Ride the Wave
I posted this picture to a slack channel at work a few weeks ago:
And I got attention (as in, a slack reaction) from several in the company, including the CEO. My boss, responding to or developing the momentum, suggested I talk about the effort in the next team presentation to management. I was surprised, as I post a lot on slack and rarely receive such a response.
What is the image of? The time to load a key page on our website. In theory, an improvement of this magnitude should make a meaningful impact to the business bottom line. So how did I accomplish this sizeable feat?
Engineering initiatives
My company follows a fairly standard prioritization process. Product managers tend to a ticket queue, from which engineers pull to get their next task or project.
What makes my company a little different is the autonomy given to engineers.
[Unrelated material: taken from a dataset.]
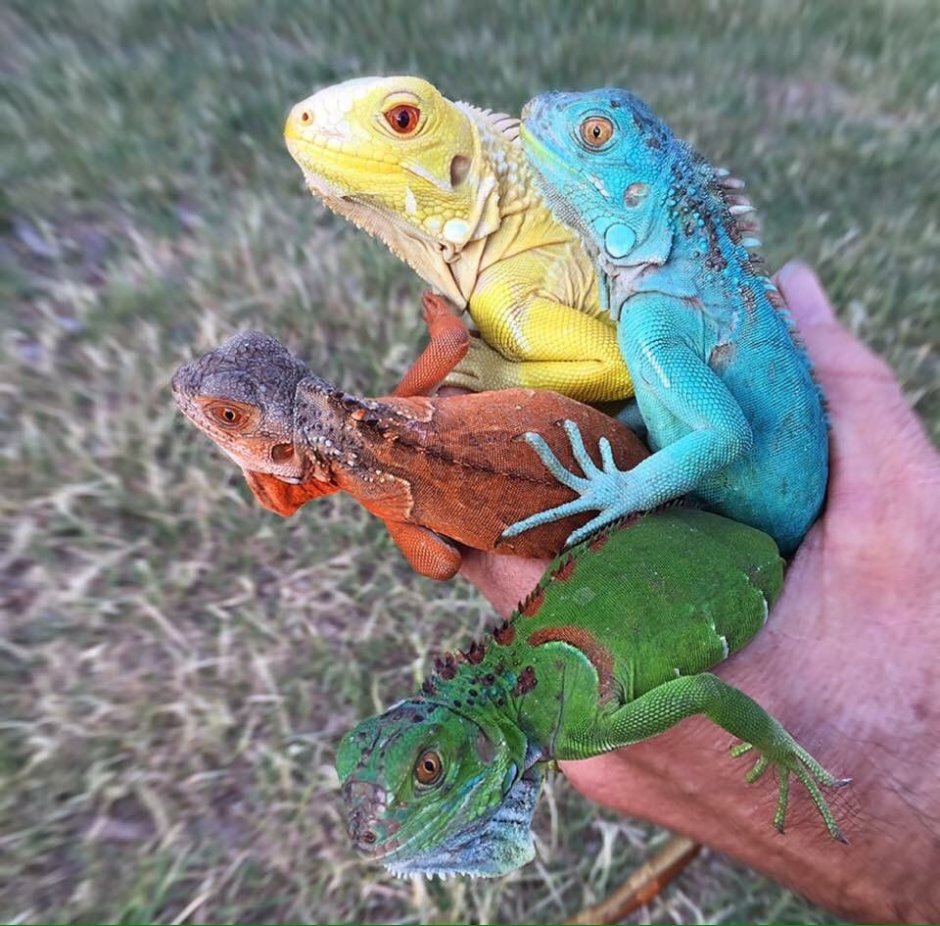 Агама Мванза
We're encouraged to exercise our judgment to tickets on the queue. If the effort is under-estimated, and the payoff over-estimated, a ticket can be passed back to product managers for re-consideration.
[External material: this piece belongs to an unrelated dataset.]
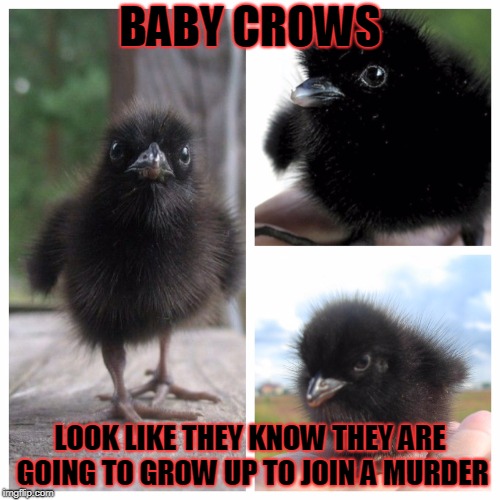 Cute Baby Crows (yes, I know that these aren't really baby crows.) | BABY CROWS; LOOK LIKE THEY KNOW THEY ARE GOING TO GROW UP TO JOIN A MURDER | image tagged in crow | made w/ Imgflip meme maker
Engineers are also in charge of the more technical projects, think typical maintenance tasks like routine package upgrades. The lines get blurred at technical initiatives that may have a business payoff, but don't really fall into the realm of our product managers.
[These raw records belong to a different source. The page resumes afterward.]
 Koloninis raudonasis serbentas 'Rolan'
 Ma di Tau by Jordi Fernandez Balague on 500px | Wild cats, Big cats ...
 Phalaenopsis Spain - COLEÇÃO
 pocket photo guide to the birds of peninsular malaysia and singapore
One good example is site reliability and performance. The only times a product manager has expressed interest in these topics is when there's a problem, i.e. the website is crashing or so slow as to harm our operations.
Exploratory coding
I like to tinker and poke around in the code base. Usually, I'm on the hunt for security vulnerabilities. On this occasion I was investigating the website performance of a particular page. I became intrigued by the slow performance, and eagerly tore the code apart, looking for the culprit.
This type of work is important and under-appreciated and under-discussed. Engineers need time to let their minds wander, to figure out how that one system works, to prove to themselves that bug fix from last year is still working, and to try to prove their coworker wrong about that argument in the pull request (hey, not all motivation is pure at heart!).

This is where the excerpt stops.